At the end of part 1 we had distances between trail junctions but with a couple issues:
If mapper(s) had split a trail for any reason then our distances were between splits. Even if there was nothing on the ground notable at the split to for the hiker to recognize. Maybe one mapper used
surface=ground and another mapper used
And we had a case of measles where there were walkways in suburban parks and office complexes.
This is one of those cases where we got about 90% of the goal with 10% of the work. Now it is time to dig into the 90% effort to get this correct. Or at least as correct as I think it can be.
To be fair, much of the 90% work value is due to my environment:
- Modifying old scripts that have evolved over several years. Each iteration based on my limited understanding of OSM and Postgis tools at the time.
- Using older OSM tools with some limitations that were not immediately apparent.

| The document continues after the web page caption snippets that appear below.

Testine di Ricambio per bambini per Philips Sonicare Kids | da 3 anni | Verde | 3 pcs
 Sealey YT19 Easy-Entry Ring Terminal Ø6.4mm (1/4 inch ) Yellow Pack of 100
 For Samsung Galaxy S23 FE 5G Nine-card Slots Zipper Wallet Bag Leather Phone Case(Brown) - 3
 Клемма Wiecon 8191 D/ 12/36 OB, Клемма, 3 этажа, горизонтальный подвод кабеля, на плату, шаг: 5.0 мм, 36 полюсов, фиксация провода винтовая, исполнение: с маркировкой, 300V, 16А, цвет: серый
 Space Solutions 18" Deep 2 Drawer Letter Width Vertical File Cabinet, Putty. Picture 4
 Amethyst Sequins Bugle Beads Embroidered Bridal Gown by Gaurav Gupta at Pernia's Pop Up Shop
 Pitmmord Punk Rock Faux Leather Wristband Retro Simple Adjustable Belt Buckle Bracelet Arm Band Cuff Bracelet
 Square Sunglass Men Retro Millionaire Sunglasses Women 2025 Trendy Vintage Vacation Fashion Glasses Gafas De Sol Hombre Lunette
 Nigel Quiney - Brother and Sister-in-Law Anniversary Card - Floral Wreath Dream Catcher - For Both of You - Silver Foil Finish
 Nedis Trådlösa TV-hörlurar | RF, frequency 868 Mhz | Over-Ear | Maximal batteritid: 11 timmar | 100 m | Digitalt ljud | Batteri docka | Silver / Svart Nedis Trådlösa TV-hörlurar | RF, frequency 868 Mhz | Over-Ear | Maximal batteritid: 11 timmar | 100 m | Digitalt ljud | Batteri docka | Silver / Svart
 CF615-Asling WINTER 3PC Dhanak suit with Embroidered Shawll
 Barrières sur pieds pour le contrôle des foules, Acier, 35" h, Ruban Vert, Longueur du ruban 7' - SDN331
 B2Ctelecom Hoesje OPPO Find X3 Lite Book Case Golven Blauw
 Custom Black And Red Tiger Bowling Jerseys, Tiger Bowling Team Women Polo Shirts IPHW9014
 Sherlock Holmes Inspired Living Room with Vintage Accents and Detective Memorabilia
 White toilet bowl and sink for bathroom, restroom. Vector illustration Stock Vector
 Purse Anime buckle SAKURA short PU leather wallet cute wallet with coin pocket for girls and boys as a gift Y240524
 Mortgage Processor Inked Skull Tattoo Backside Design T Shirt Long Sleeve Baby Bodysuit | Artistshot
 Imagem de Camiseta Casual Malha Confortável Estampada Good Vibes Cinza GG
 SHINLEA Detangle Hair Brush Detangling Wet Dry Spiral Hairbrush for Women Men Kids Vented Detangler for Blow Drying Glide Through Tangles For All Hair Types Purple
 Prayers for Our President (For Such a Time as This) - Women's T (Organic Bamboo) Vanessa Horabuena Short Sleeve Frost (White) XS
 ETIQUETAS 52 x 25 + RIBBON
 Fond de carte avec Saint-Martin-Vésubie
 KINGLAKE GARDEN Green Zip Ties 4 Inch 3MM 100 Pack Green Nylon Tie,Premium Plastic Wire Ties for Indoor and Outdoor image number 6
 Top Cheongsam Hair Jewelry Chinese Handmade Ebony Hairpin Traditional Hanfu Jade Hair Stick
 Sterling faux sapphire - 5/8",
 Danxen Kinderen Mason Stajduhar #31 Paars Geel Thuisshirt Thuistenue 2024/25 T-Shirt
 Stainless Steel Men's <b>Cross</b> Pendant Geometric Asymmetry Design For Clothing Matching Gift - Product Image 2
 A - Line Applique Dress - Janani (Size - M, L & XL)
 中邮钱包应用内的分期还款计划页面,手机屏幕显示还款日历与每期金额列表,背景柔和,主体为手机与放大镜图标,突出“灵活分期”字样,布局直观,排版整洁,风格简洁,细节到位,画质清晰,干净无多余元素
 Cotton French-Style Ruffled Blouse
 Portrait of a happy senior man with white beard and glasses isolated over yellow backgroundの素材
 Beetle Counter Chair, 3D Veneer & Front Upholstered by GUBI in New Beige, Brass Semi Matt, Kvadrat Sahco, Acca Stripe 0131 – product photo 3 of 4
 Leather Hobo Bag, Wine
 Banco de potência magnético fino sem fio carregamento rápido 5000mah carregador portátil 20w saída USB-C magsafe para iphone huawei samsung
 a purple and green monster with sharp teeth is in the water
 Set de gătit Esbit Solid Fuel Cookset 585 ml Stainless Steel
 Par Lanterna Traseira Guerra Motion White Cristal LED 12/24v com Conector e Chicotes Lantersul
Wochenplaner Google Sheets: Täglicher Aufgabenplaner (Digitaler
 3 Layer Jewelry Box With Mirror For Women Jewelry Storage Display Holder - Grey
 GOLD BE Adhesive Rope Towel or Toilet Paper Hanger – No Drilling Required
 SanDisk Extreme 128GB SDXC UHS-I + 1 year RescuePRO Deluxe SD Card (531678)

- Not being an expert on Postgis and finding that a number of Postgis functions don’t seem to work or are not available on my server.
- Using a server with limited RAM to build the maps.
- Slow iterations on each try due to slow building of map databases and slow map generation (see using a limited server above).
When can trail ways be combined?
The fix to extraneous splits in a trail is to “heal the edges of” or “clean the phantom nodes from” our routing graph. It seems both terms are used and you get different DuckDuckGo results depending which you search on. I will call it “healing”.
We only want to heal ways that are similar enough. If a paved walkway leads to an unpaved hiking trail there is a noticeable change in character and we don’t want to “heal” (combine) the two ways. But if there is a short informal bridge we probably do want to “heal” it away. So our goal is to heal all “hiking trails” to each other but not “heal” a “hiking trail” to a “walkway” or any other type of highway.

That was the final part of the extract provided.